French Benedictine canonist and bishop

Petrus Boeri (b. during the first quarter of the 14th century at Laredorte, Aude, canton of Peyriac Minervois; d. probably 1388) was a French Benedictine canonist and bishop.

==Life==

Of his early life nothing is known. In 1350, when he is first mentioned, Boeri was Abbot of St. Chinian (St. Anianus, Hérault) in the small diocese of Saint-Pons de Tomièrs (Sancti Pontii Tomeriarum) which at that time formed a part of the Metropolitan Province of Narbonne. He attracted the favourable notice of Pope Urban V, who appointed him Bishop of Orvieto, 16 November 1364.

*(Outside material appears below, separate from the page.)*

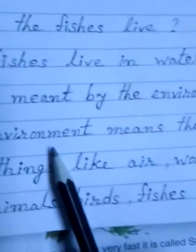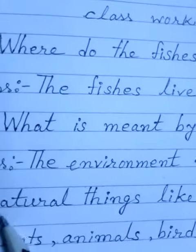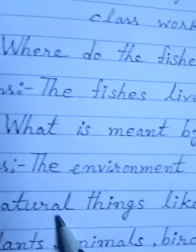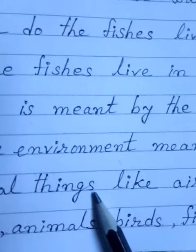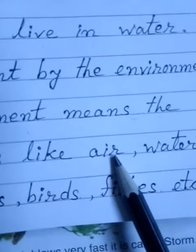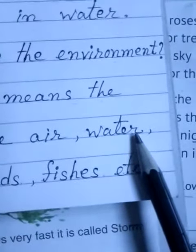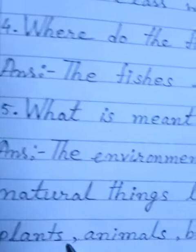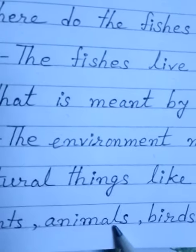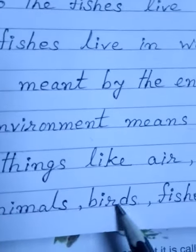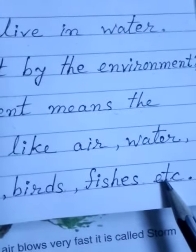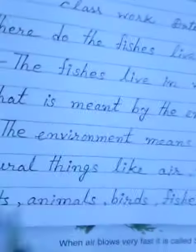So the environment means natural things like air, water, then plants, animals, birds, fishes, etc. So these all are our environment.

A few years later (7 October 1370) he was transferred by the same pontiff to the See of Vaison, near Avignon in France. But in 1371, shortly after Urban's death, he returned to Orvieto and remained in possession of that see until 28 June 1379, when he was deprived of his bishopric by Pope Urban VI, for having espoused the cause of the Antipope Robert of Geneva, then reigning at Avignon as Clement VII.

Upon his subsequent withdrawal to France he served Charles V of France, in the capacity of ambassador to the pontifical court at Avignon.) However, 31 August 1387, Clement VII likewise deposed him from his episcopal office and entrusted the temporal and spiritual administration of Orvieto to Thomas de Jarente, Bishop of Grasse. Boeri died shortly afterwards.

==Works==

He was the author of two commentaries on the Rule of St. Benedict; in one, written when he was Abbot of St. Chinian, he deals with the Rule from the point of view of the canonist; in the other, written in the Sacro Speco at Subiaco when he was Bishop of Orvieto, he deals with it more from the point of view of the ascetic. He dedicated the later commentary to Charles V, King of France.

He also wrote a commentary on the Constitution "Pastor bonus" of Benedict XII; "Speculum Monachorum"; "De Signis locutionum"; "Notæ in Damasi Pontificale" (an annotated copy of the "Liber Pontificalis", likewise dedicated to Charles V); and began at Rouen in 1379 a treatise on the question of calling a general council with a view to ending the Western Schism. This treatise remained unfinished.

With the exception of "In Regulam S.P. Benedicti Commentarium" (ed. Leone Allodi, Subiaco, Rome) and "Notæ in Damasi Pontificale" Boeri's works have not been printed.